Air Conditioning and Climate Control Repair and Maintenance

Overheating

Summer is the season of overheating--for vehicles, and those inside them.

Here’s how to keep a humming engine and breezy interior.

Most vehicles overheat due to poor maintenance. Coolant, like oil, has a service limit. Over time the coolant evaporates and overheating begins. Fans and coolant maintain an engine’s temperature--a busted fan or insufficient coolant disables an engine.

And that’s just outside--the cabin itself isn’t exactly welcoming. This isn’t a problem if your climate control works.

But that’s not always the case.

Air conditioners can fail in a variety of ways for a number of reasons.

Never assume warm air from the vents automatically means the system’s low on refrigerant.

Below, Quality Car Care suggests services and precautions worth considering at the beginning of summer:

  • Don’t put tap water in the radiator. Tap water invites foreign minerals that can plug passages and increase wear and tear.

  • If your car overheats, turn off the engine and open the hood.

  • Never twist the radiator cap while it is hot. Not only is the cap itself blistering hot, it’s holding back a rolling boil of chemicals under high pressure. Opening the cap of a hot radiator may cause severe injury from scalding liquid. Wait for the radiator to cool before opening.

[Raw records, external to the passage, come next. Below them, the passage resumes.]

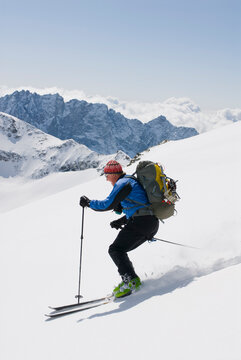 A man skis the Glacier du Mont Durand while touring the classic Haute Route in Switzerland.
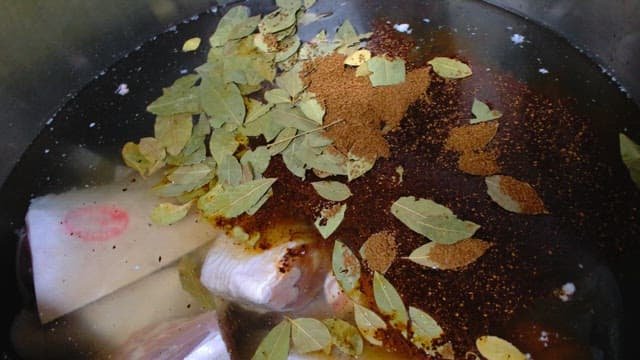 Chef adding bay leaves and spices to a cooking pot with meat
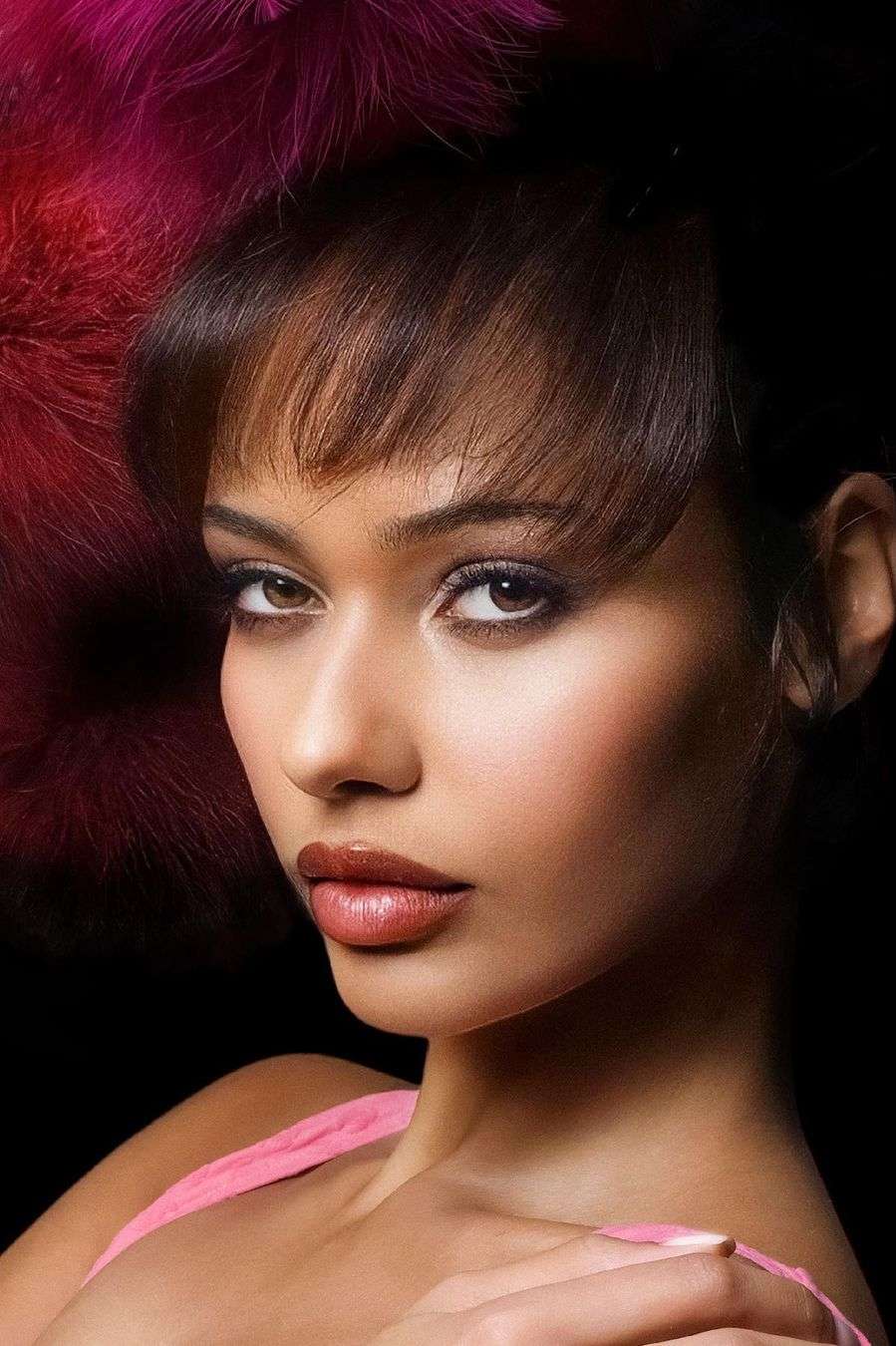 Close-up portrait of a woman with brown hair and neutral makeup, adorned with a red feathered accessory against a black background.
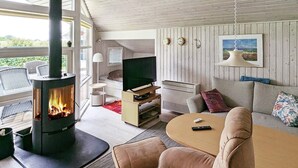 A cozy living room with a wood-burning stove, a sofa, a TV, and a dining area. - 6 Person Holiday Home in Otterup (Otterup)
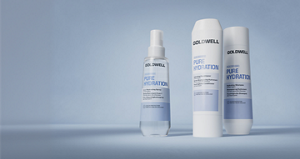 Goldwell Dualsenses Pure Hydration range displayed as three white and blue haircare products on a soft blue gradient background.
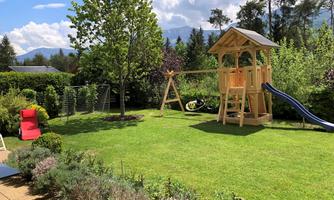 A beautiful garden with a slide and a playground. The sun is shining and the sky is clear.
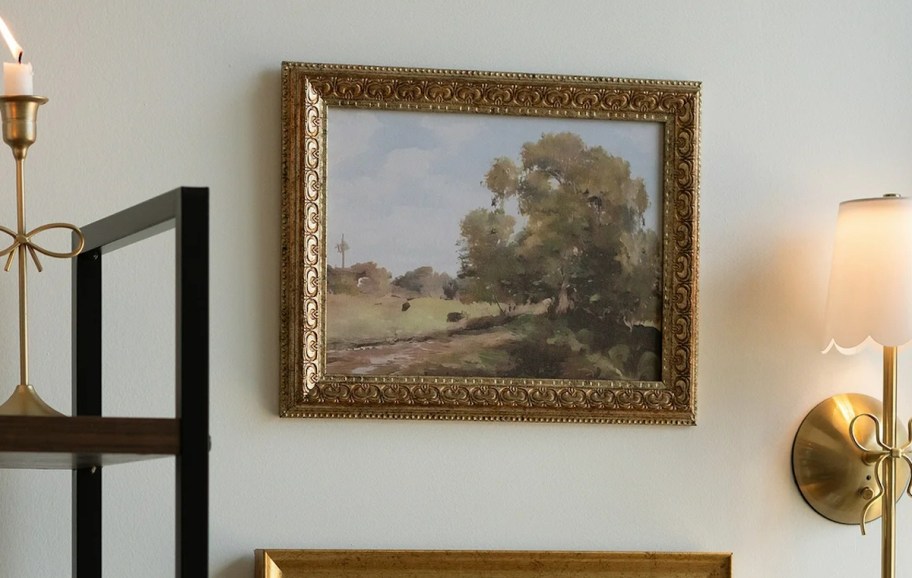 Gold framed picture of tree and landscape on wall 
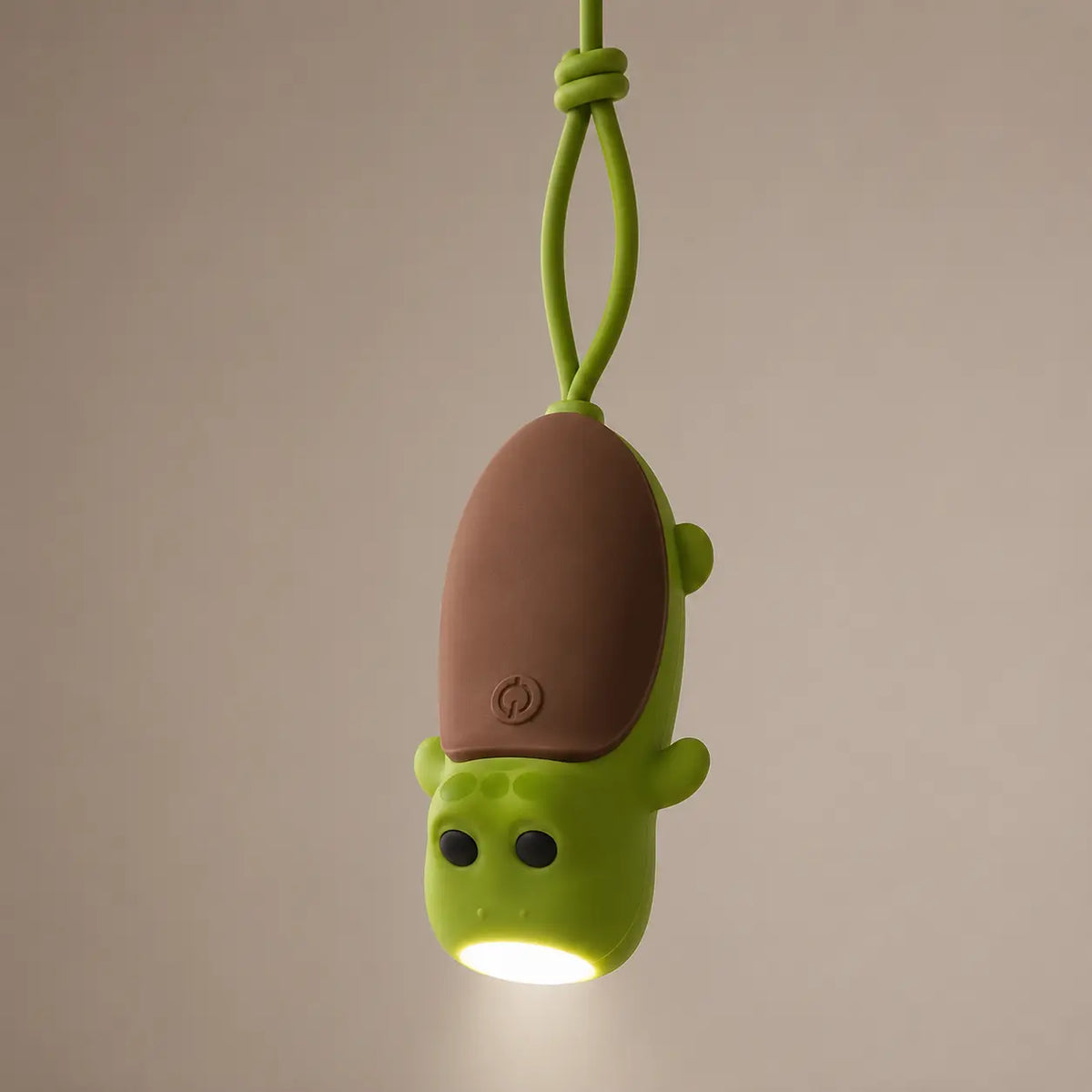 Lampe torche tortue verte suspendue par sa dragonne en silicone, éclairant vers le bas.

  • Continuing to drive an overheating engine can cause severe damage. Consider a tow.

General maintenance

That trusty climate control system works wonders keeping you and your passengers comfortable on those blistering summer afternoon drives.

But when it breaks, conditions quickly deteriorate as hot, stale air pours through the vents.

Have a trusted service advisor check the fluid pressure, duct temperature and cooling fan operation while also inspecting for leaks. A blown fuse or issues with the compressor could also be the culprit.

Of course, auto parts stores sell cans of air conditioning refrigerant, but Quality Car Care advises against the do-it-yourself route when dealing with such a complex system.

You may end up missing the source of the problem and create more expensive repairs down the line.

If refrigerant has leaked, there’s a good possibility air and moisture have entered the system. Moisture can corrode pipes, creating extensive damage and rotting the system from the inside out.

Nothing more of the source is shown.